[DATA RECORDS]

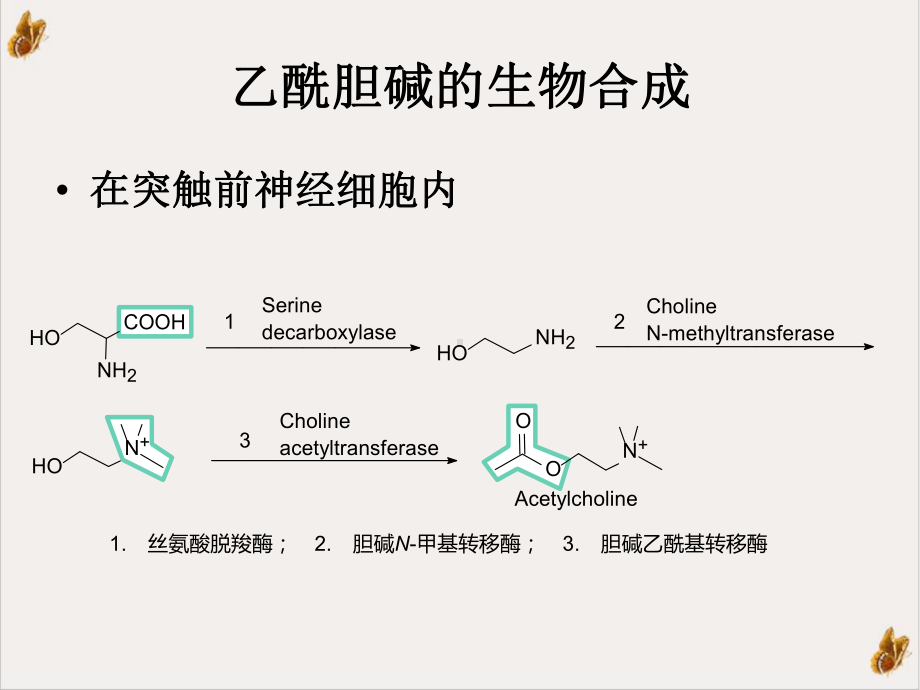 第十章拟胆碱和抗胆碱药课件.ppt_第3页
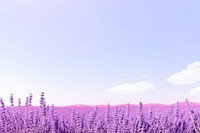 Lavender Flowers flower backgrounds landscape.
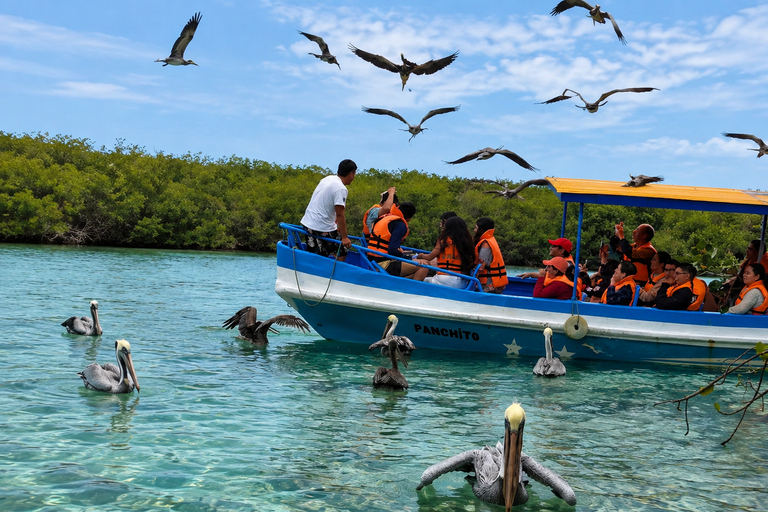 From Tumbes: Puerto Pizarro Mangrove and Islands Boat Tour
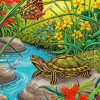 The Red Eared Slider Turtle Under Water Paint By Numbers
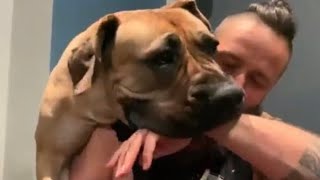 Big Boerboel Wrestling Her Owner Best Memories  #boerboel #shortvideo #doglover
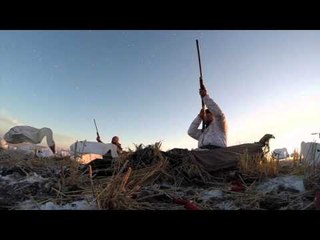 Claudio Ongaros Hired to Hunt - Uncontrolled Chaos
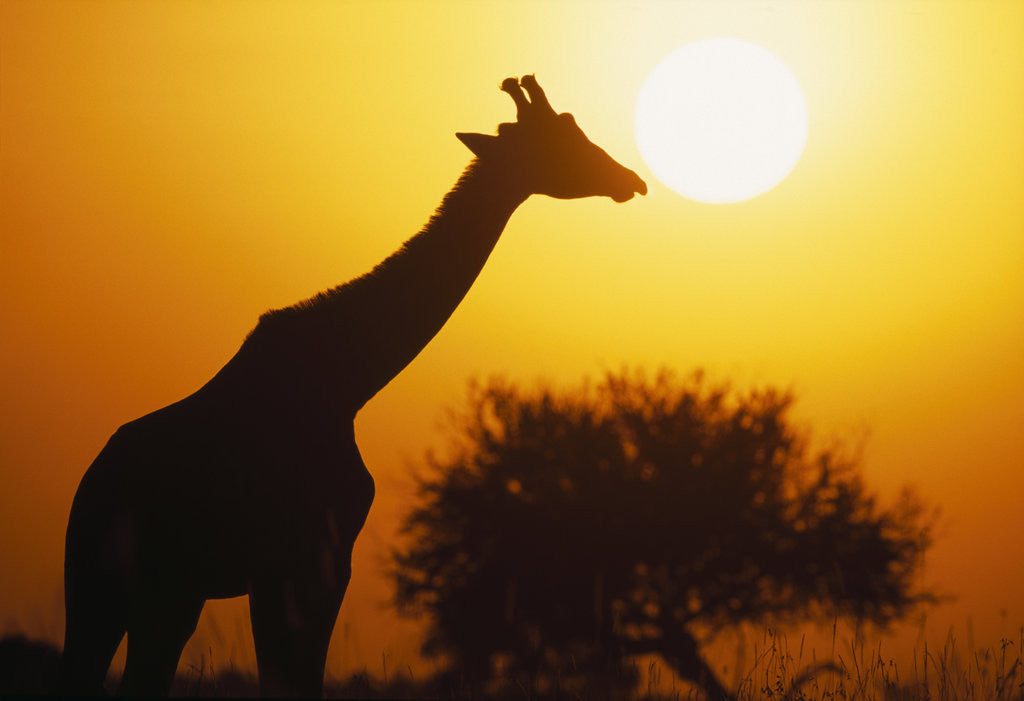 Detail of Silhouette of Giraffe at Sunrise by Corbis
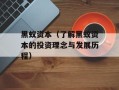 黑蚁资本（了解黑蚁资本的投资理念与发展历程）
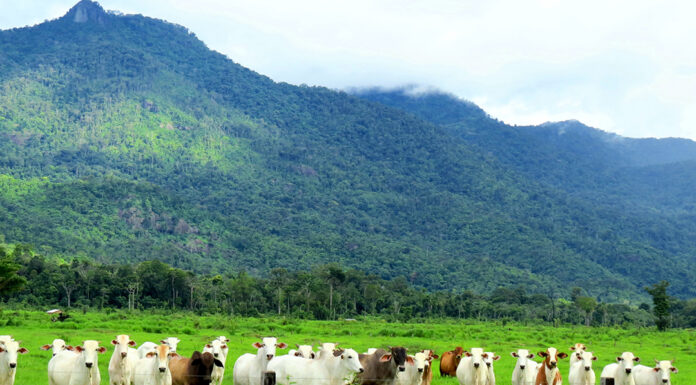 Conab lança modalidade de leilão para abastecer pecuaristas Reprodução Unsplash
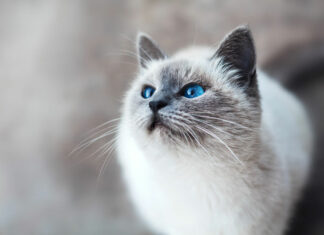 Katze mit blauen Augen schaut nach links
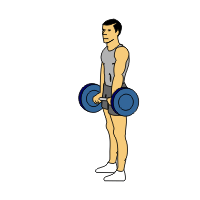 reverse palms in barbell curls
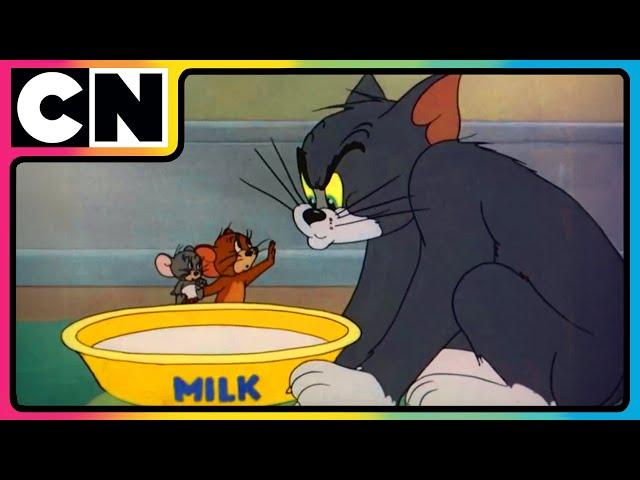 Tom & Jerry | National Milk Day  | Tom’s Explosive Milkshake Recipe! | @cnindia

[/DATA RECORDS]

-- ACTION ITEM --
The answer must be an exact reproduction of the records, with every picture left out.

-- COMPLETED TASK --
 第十章拟胆碱和抗胆碱药课件.ppt_第3页
 Lavender Flowers flower backgrounds landscape.
 From Tumbes: Puerto Pizarro Mangrove and Islands Boat Tour
 The Red Eared Slider Turtle Under Water Paint By Numbers
 Big Boerboel Wrestling Her Owner Best Memories  #boerboel #shortvideo #doglover
 Claudio Ongaros Hired to Hunt - Uncontrolled Chaos
 Detail of Silhouette of Giraffe at Sunrise by Corbis
 黑蚁资本（了解黑蚁资本的投资理念与发展历程）
 Conab lança modalidade de leilão para abastecer pecuaristas Reprodução Unsplash
 Katze mit blauen Augen schaut nach links
 reverse palms in barbell curls
 Tom & Jerry | National Milk Day  | Tom’s Explosive Milkshake Recipe! | @cnindia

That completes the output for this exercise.